To date in the series, I have gently borrowed concepts from Roger von Oech’s classic book A Whack on the Side of the Head and repurposed his thought leadership for modern customer experience applications. This week I’ll quickly run through Dr. Carol Dweck’s landmark work on mindset so I can finish this series with several posts based on the research of Dr. W. Warner Burke concerning learning agility.
As you likely know, Dr. Dweck is a Stanford University professor of personality, social, and developmental psychology. Her work looks at how beliefs shape individual differences, and her book Mindset -The New Psychology of Success is a must-read for anyone trying to drive personal or organizational change. Mindset offers insights on how belief systems foster or hinder growth and development.
Specifically, Dr. Dweck examines the roles beliefs play in broad areas like sports, relationships, and education. She also dedicates one chapter in Mindset to business and leadership applications. While the book identifies attitudinal differences and encourages parents and educators to foster something she refers to as a growth mindset, Dr. Dweck didn’t write a how-to book. However, I find her model a helpful guide for anyone seeking to enhance internal and external customer experiences.
Dr. Dweck’s perspective (grounded in experimental findings) suggests that innovation and growth depend on breaking through what she refers to as “fixed mindsets.” Individuals and organizations with predominantly fixed perspectives, typically:
- Avoid challenges
- Lack persistence when faced with obstacles
- Don’t ask for or benefit from feedback (especially negative)
- View the success of others as threatening
By contrast, individuals and businesses with growth mindsets typically:
- Seek out challenges
- Persist in adversity
- Maintain effort to master skills
- Actively solicit and leverage feedback
- Benchmark the success of others to inspire innovation
No person or organization possesses a universally fixed or growth mindset. For example, you may be open to new opportunities for leveraging technology to enhance the customer experience but make excuses for failing to craft a regular cadence of active customer listening posts. The good news from Carol Dweck’s work is that fixed mindsets don’t have to stay fixed.

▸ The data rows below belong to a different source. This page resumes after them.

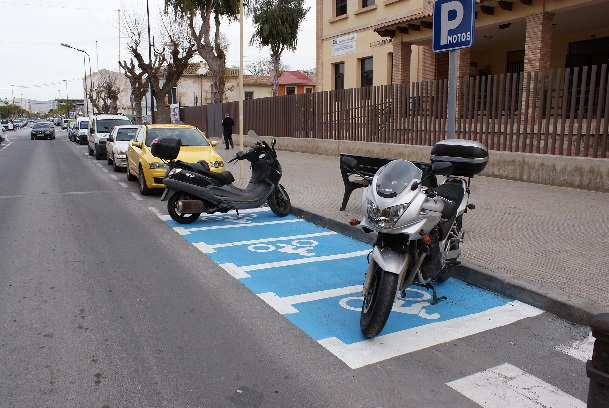 Pla de Mobilitat Urbana de Terrassa 2016-2021 85 L objectiu és aconseguir que l any 2021 els estacionaments en aparcaments soterrats tinguin un preu inferior que en les places de zona blava en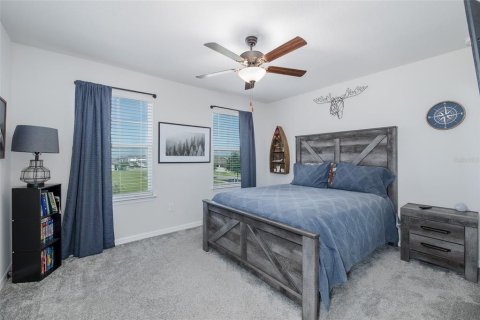 House in Wesley Chapel, Florida 4 bedrooms, 270.35 sq.m. № 2393882 - photo 26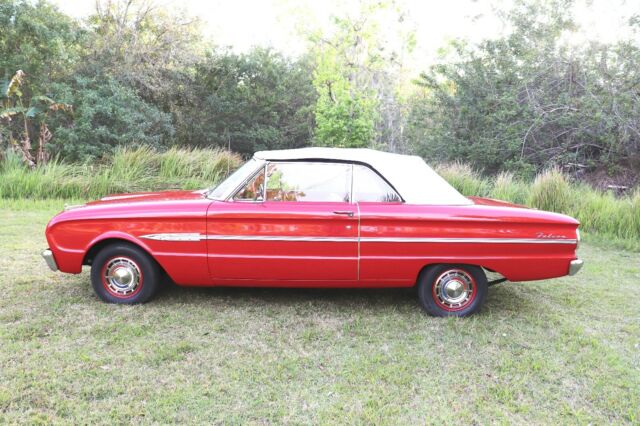 Ford Falcon 1963 image number 2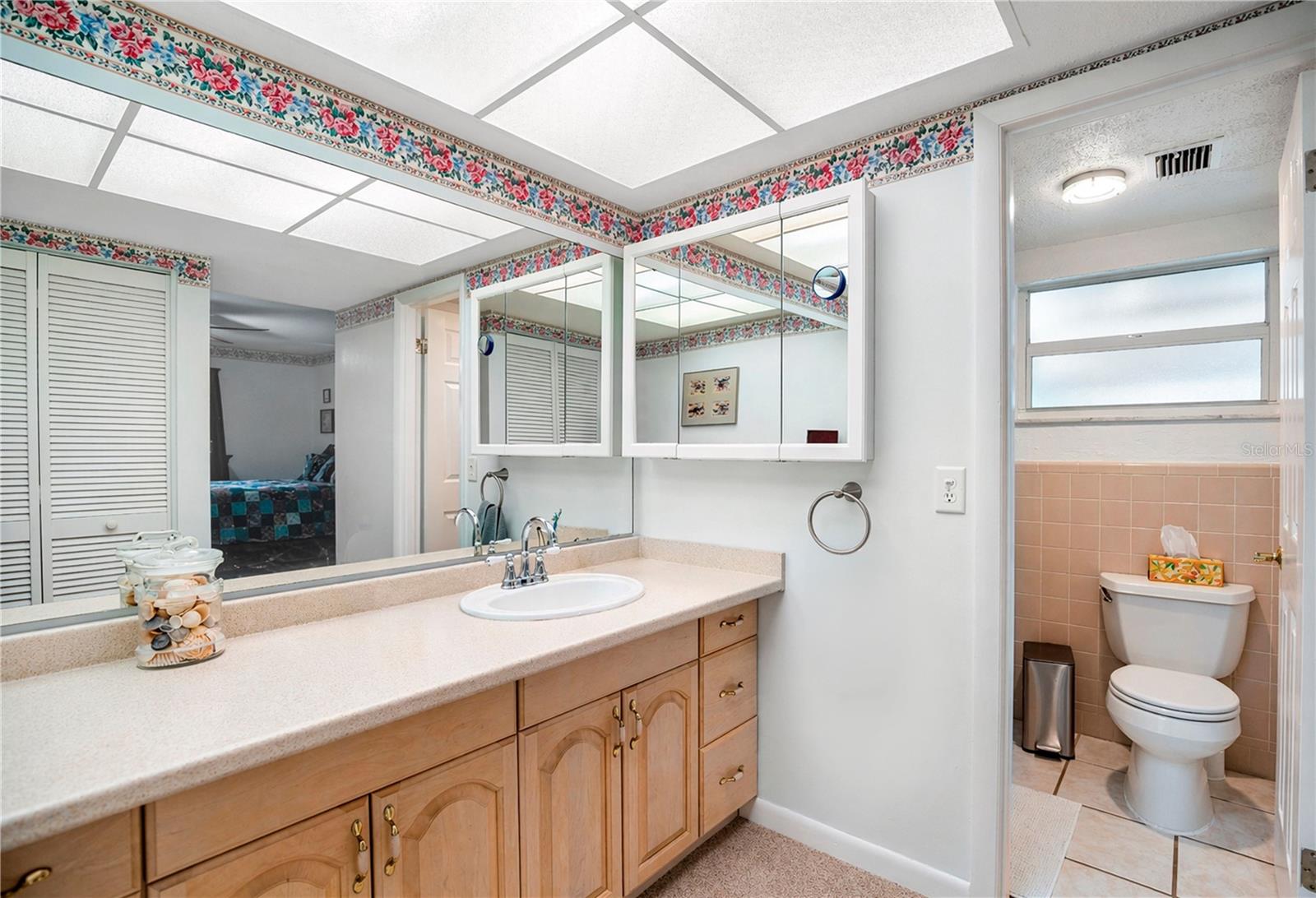 INDIAN HILLS UNIT 3 - Residential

Like all behavioral change, the first step in transformation requires an honest assessment of the areas where your mindset is fixed. The next step involves a calculation of the risks that come from staying stuck and the benefits of growth. With honest self-assessment and a reason to change, the next step is to craft a plan that challenges underlying assumptions or breaks through those beliefs that keep you stuck.
When it comes to adapting to the ever-changing wants, needs, and desires of internal and external customers, a fixed mindset is a liability. Nimble, growth-focused, leaders are the rocket fuel needed to propel organizations to human experience greatness.

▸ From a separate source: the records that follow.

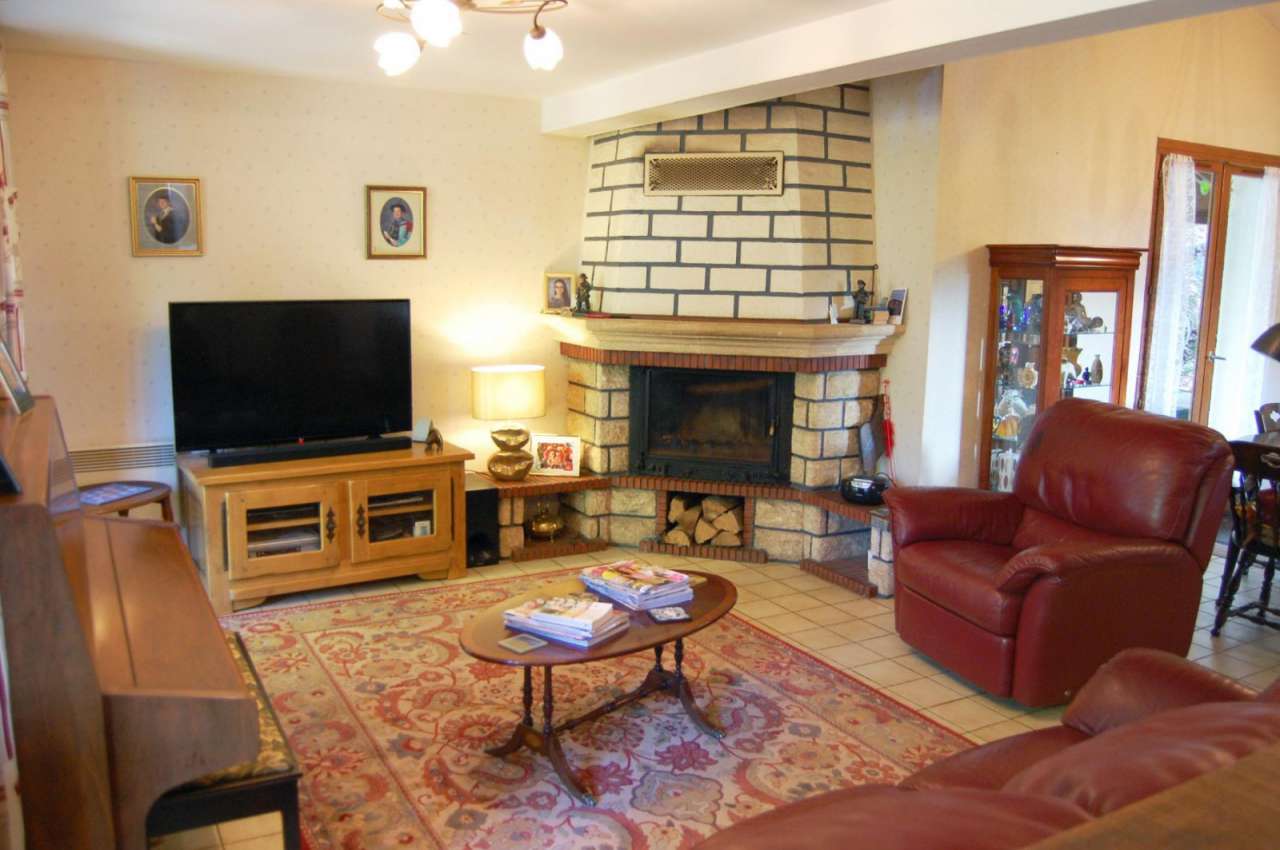 Very nicely appointed 4 bedroom house with a south westerly aspect in 7,000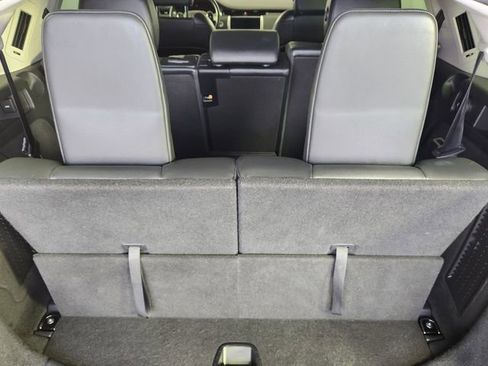 Used 2020 Land Rover Discovery Sport S image 14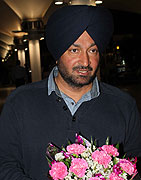 Malkit Singh snapped at airport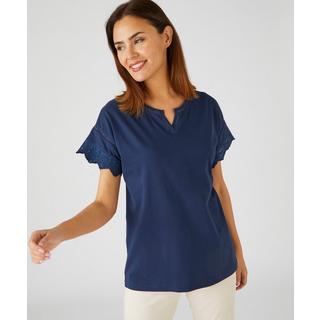 Damart  Tee-shirt broderies anglaises en pur coton biologique. 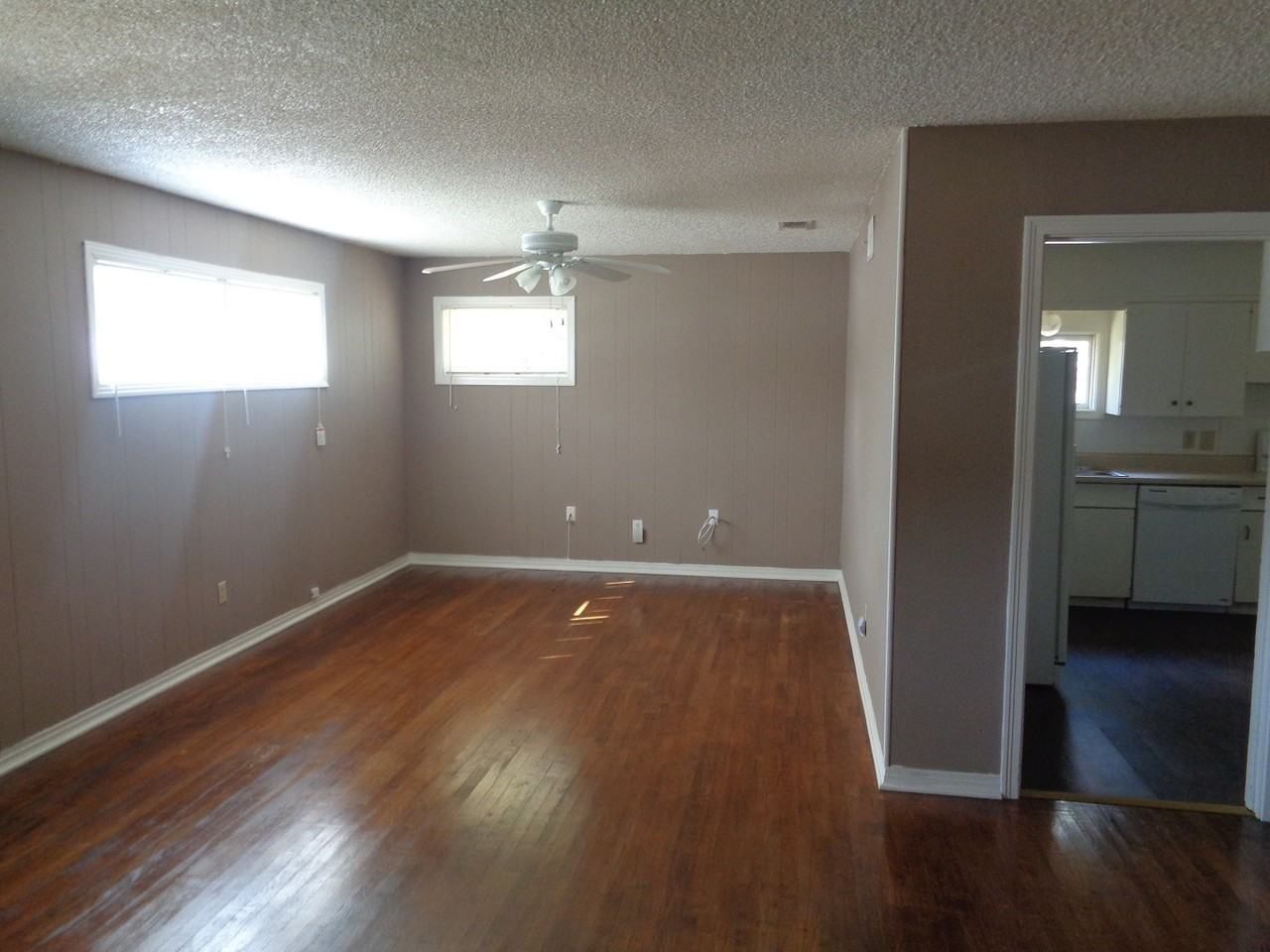 601 Westview Dr - Photo 3 of 16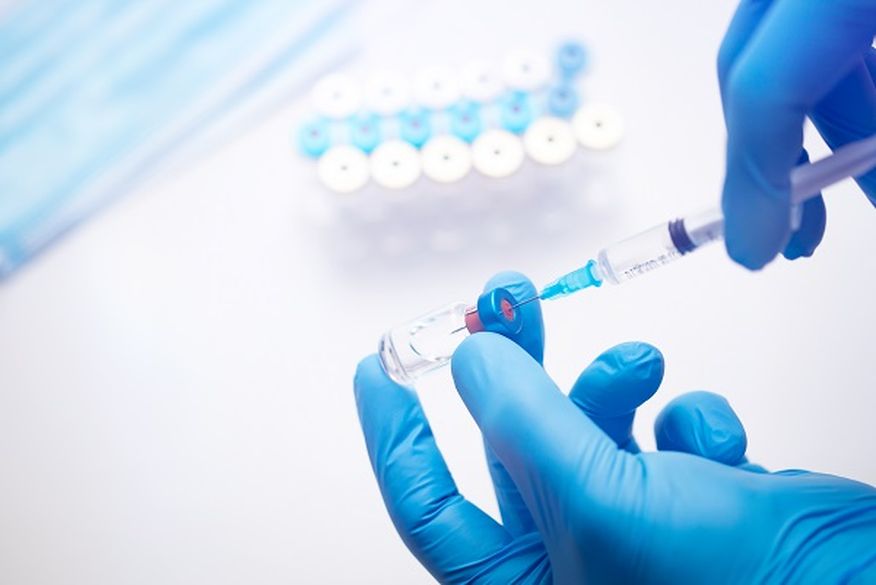 Os dados mais recentes da AstraZeneca e da Oxford indicam uma eficácia menor que a de outras vacinas concorrentes. (Foto: Reprodução)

Inspired by Dr. Dweck, here are this week’s challenge questions:
- What is your strongest dimension of an open mindset (response to challenges, persistence, effort in adversity, solicitation of feedback, learning from the success of others)?
- From that same list, what is your most significant mindset opportunity? If you say none, that’s a tell-tale sign you have a lot of work to do on your mindset.
- How would you rate your organization on a 10-point scale, with one being completely fixed and ten being completely growth-oriented? In what areas is your organization stuck, and in what areas are you growing?